(Excerpted records)

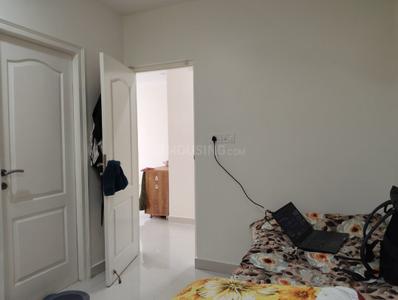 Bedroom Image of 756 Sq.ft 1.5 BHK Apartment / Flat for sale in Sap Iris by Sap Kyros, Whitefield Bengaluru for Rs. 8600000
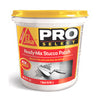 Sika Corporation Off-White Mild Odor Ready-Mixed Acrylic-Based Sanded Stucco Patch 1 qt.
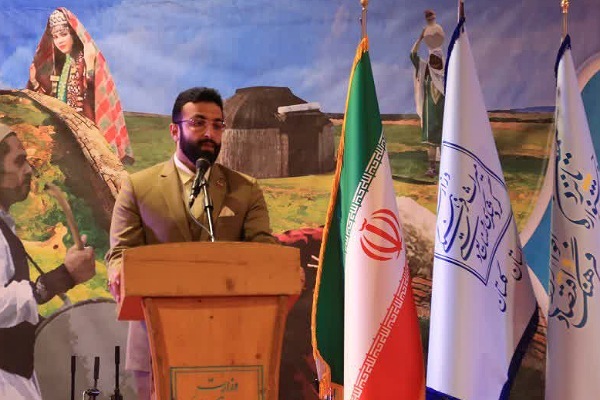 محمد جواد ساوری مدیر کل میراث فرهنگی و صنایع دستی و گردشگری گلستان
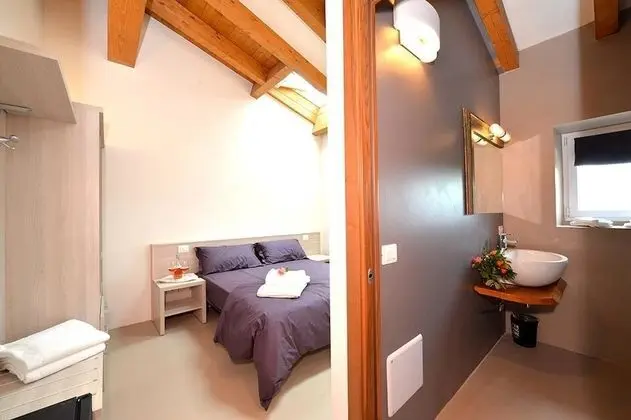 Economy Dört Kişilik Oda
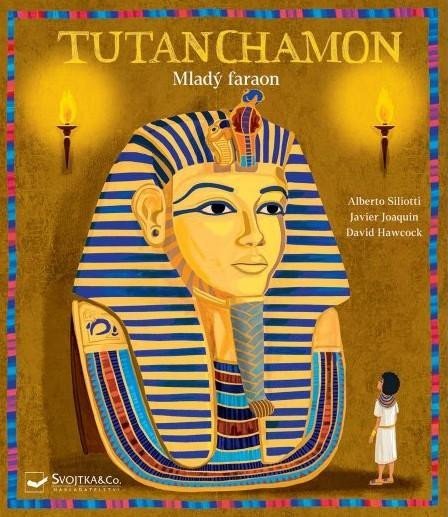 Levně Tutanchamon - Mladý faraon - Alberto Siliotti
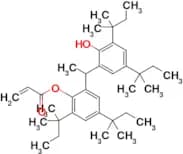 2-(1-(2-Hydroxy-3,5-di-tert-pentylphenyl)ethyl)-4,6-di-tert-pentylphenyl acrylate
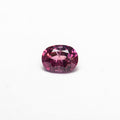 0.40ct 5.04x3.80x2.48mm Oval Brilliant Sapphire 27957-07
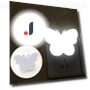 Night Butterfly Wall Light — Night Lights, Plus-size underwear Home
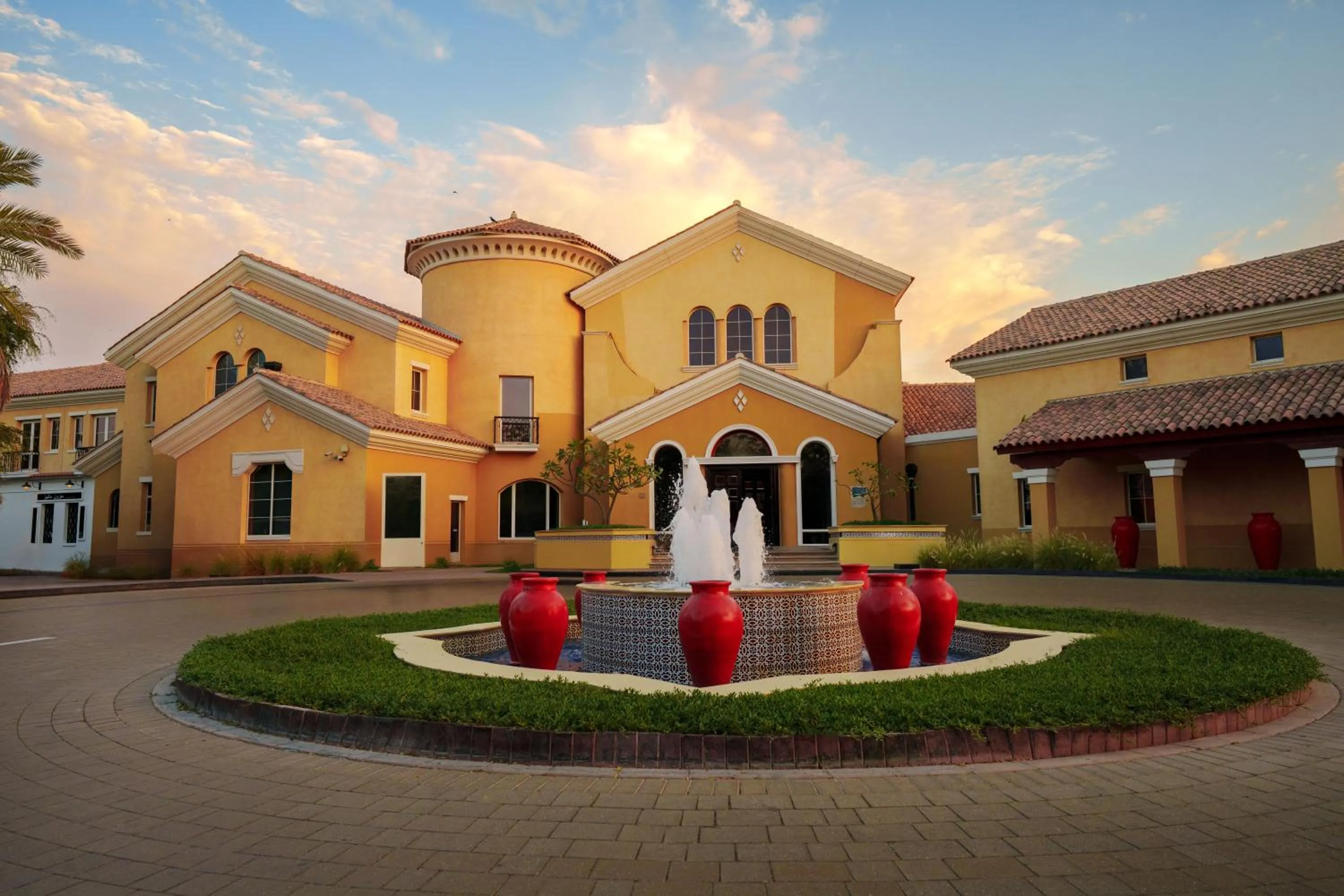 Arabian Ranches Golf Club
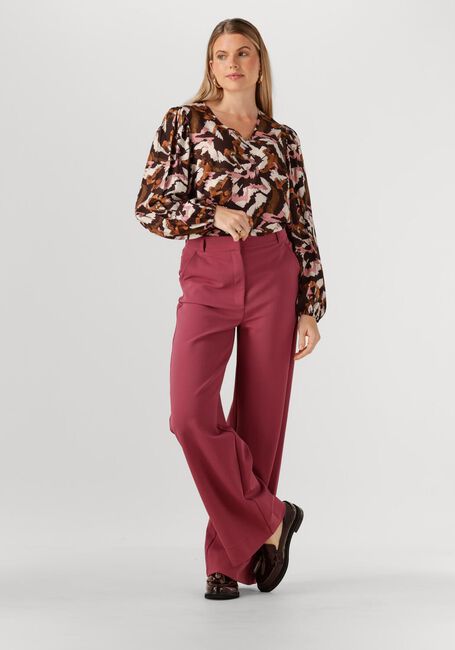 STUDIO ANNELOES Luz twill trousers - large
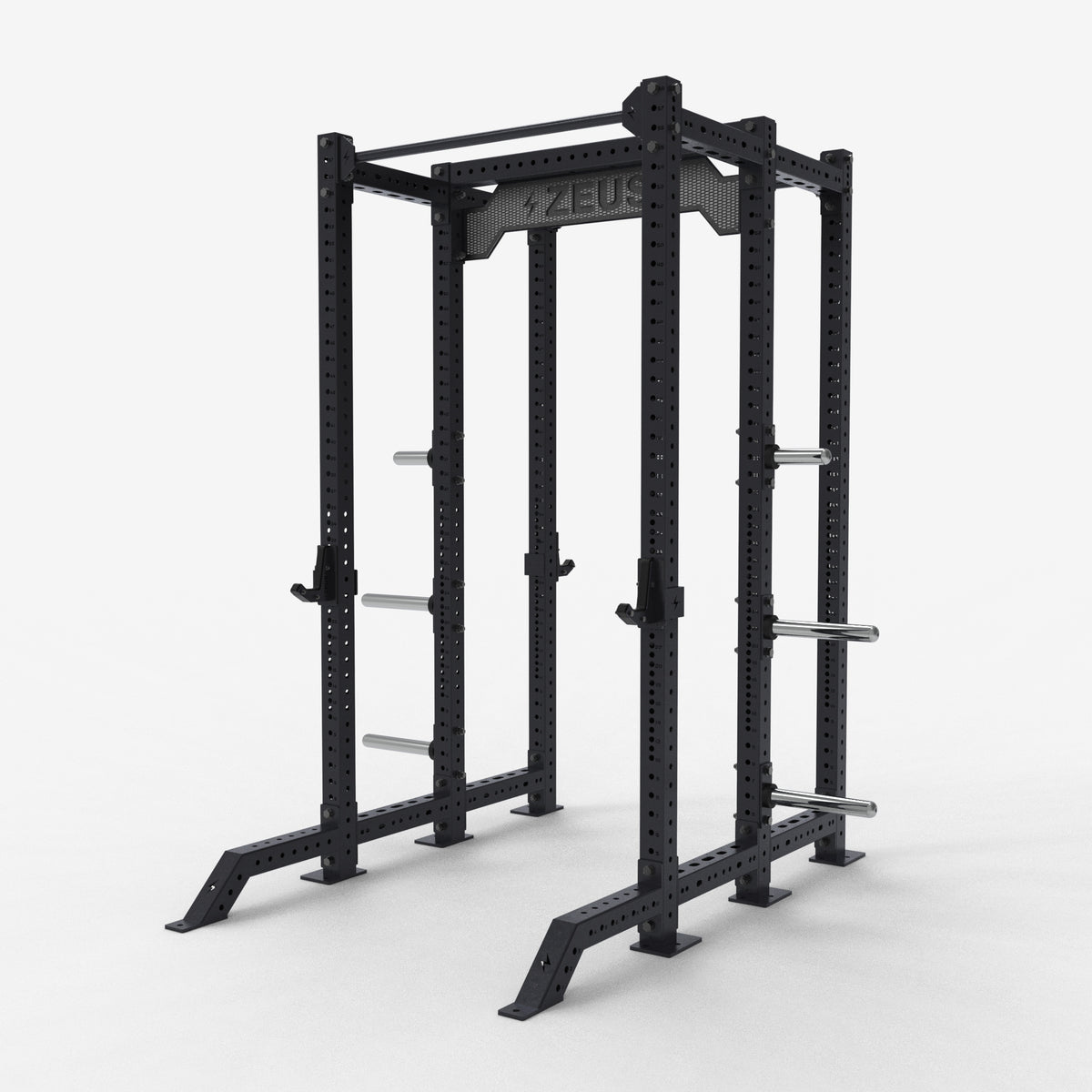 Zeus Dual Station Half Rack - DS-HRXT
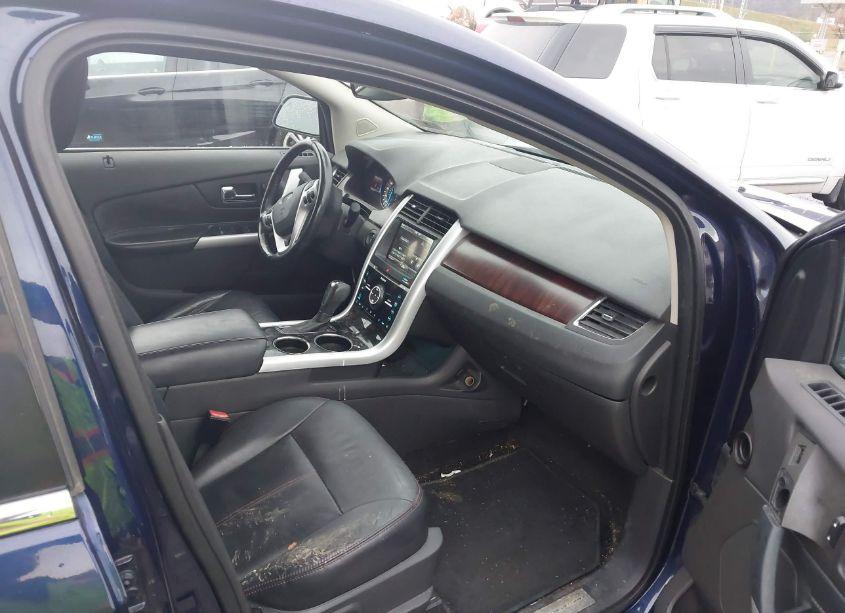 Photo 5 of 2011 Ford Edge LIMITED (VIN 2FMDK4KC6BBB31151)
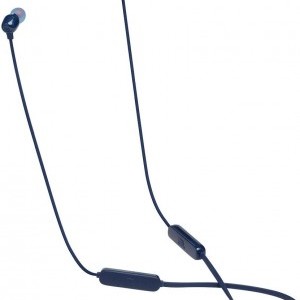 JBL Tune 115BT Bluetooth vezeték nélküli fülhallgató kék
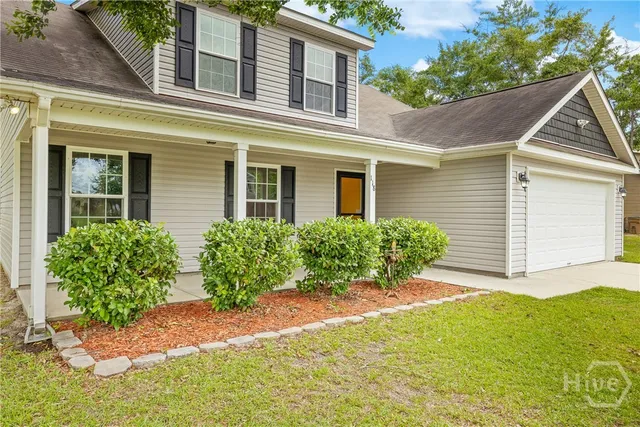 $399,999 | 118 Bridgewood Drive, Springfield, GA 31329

(End Excerpted records)

Output the lines above in full and exactly. Leave out every picture.

• [Reply to the task]
 Bedroom Image of 756 Sq.ft 1.5 BHK Apartment / Flat for sale in Sap Iris by Sap Kyros, Whitefield Bengaluru for Rs. 8600000
 Sika Corporation Off-White Mild Odor Ready-Mixed Acrylic-Based Sanded Stucco Patch 1 qt.
 محمد جواد ساوری مدیر کل میراث فرهنگی و صنایع دستی و گردشگری گلستان
 Economy Dört Kişilik Oda
 Levně Tutanchamon - Mladý faraon - Alberto Siliotti
 2-(1-(2-Hydroxy-3,5-di-tert-pentylphenyl)ethyl)-4,6-di-tert-pentylphenyl acrylate
 0.40ct 5.04x3.80x2.48mm Oval Brilliant Sapphire 27957-07
 Night Butterfly Wall Light — Night Lights, Plus-size underwear Home
 Arabian Ranches Golf Club
 STUDIO ANNELOES Luz twill trousers - large
 Zeus Dual Station Half Rack - DS-HRXT
 Photo 5 of 2011 Ford Edge LIMITED (VIN 2FMDK4KC6BBB31151)
 JBL Tune 115BT Bluetooth vezeték nélküli fülhallgató kék
 $399,999 | 118 Bridgewood Drive, Springfield, GA 31329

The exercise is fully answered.